Segment Start: Material for the task

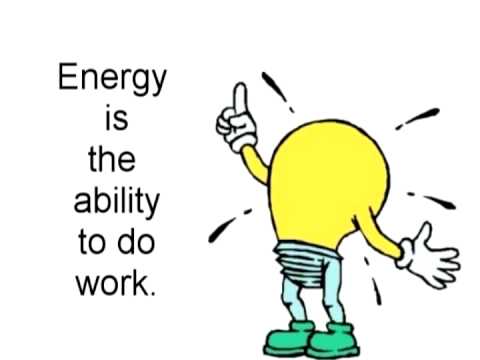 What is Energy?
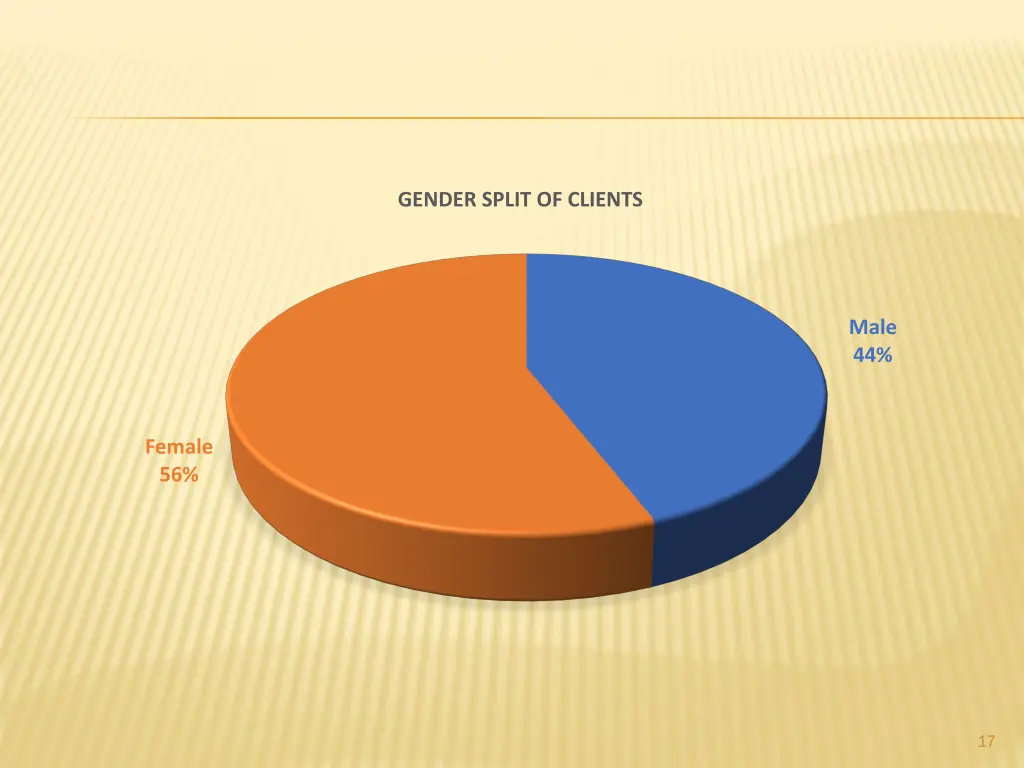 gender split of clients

Segment End: Material for the task
Segment Start: Material for the task

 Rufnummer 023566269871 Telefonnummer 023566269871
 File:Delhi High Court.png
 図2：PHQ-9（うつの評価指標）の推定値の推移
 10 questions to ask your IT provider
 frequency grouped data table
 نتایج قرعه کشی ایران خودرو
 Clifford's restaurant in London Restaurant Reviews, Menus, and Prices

Segment End: Material for the task

**What this task involves**
The range runs from the line above containing "frequency grouped data table" to the line containing "Clifford's restaurant in", inclusive. Restate those lines word for word and no others.

**Result of the exercise**
 frequency grouped data table
 نتایج قرعه کشی ایران خودرو
 Clifford's restaurant in London Restaurant Reviews, Menus, and Prices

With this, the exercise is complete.